▶ [What you have to do]:
Give only the number of lines in the records that contain the word "General".
== == ==
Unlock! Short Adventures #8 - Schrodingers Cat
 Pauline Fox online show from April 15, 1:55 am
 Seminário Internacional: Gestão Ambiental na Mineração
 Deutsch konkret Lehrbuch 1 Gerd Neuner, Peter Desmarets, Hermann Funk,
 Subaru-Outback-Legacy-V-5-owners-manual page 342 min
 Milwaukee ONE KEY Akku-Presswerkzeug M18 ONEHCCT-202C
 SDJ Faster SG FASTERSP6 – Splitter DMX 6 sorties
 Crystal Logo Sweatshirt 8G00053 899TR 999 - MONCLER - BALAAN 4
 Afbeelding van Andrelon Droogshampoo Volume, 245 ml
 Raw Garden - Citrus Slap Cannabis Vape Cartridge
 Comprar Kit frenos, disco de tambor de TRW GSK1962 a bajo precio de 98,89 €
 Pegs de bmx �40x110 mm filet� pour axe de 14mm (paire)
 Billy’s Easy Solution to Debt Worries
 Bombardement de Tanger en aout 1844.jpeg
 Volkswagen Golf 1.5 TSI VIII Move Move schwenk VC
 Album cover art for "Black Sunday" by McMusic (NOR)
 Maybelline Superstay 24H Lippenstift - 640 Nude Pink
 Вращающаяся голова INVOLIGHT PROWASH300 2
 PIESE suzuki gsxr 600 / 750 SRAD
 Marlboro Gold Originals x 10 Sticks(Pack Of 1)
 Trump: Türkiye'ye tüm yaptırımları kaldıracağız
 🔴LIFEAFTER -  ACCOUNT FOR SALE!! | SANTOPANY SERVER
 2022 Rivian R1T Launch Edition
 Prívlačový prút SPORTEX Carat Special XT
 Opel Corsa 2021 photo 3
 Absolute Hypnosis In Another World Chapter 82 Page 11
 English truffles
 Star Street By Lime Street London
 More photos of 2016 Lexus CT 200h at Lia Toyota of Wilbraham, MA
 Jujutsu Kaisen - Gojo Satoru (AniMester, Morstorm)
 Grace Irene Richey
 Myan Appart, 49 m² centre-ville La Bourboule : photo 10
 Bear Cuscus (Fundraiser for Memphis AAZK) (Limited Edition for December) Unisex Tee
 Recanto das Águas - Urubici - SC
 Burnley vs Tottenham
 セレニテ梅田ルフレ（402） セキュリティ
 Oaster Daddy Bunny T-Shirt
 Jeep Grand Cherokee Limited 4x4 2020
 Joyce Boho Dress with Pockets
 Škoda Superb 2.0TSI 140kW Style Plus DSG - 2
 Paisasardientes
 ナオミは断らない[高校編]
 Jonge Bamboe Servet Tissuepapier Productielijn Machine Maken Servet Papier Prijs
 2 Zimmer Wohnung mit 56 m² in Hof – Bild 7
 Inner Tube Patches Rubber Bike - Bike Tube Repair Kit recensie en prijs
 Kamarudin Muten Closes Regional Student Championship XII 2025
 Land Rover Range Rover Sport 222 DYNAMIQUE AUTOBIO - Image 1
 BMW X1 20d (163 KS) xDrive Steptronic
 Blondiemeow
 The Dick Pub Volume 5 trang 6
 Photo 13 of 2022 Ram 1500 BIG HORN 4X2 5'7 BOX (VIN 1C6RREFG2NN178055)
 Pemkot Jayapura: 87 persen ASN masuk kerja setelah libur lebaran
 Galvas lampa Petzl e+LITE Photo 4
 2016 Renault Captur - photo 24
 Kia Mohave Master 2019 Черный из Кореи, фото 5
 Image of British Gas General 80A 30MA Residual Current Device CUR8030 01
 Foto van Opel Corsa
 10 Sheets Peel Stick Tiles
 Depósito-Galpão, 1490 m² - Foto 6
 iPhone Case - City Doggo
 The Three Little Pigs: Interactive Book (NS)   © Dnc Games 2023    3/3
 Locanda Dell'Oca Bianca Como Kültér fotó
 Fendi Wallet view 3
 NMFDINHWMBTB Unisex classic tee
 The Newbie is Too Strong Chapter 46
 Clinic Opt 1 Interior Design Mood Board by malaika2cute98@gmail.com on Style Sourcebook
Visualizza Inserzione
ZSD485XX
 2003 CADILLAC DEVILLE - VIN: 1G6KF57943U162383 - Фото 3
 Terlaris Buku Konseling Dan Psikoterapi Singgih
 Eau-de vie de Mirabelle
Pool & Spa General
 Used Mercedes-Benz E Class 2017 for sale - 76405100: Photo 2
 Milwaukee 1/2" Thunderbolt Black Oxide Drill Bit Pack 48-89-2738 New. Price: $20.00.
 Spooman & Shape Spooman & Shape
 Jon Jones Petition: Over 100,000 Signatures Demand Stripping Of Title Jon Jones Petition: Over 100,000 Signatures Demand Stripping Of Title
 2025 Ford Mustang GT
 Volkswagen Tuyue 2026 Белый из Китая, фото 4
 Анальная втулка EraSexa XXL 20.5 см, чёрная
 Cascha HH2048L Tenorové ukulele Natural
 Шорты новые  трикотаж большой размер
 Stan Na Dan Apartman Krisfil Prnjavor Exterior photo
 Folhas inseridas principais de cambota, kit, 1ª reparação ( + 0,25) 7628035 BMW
== == ==
▶ [Exercise answer]:
2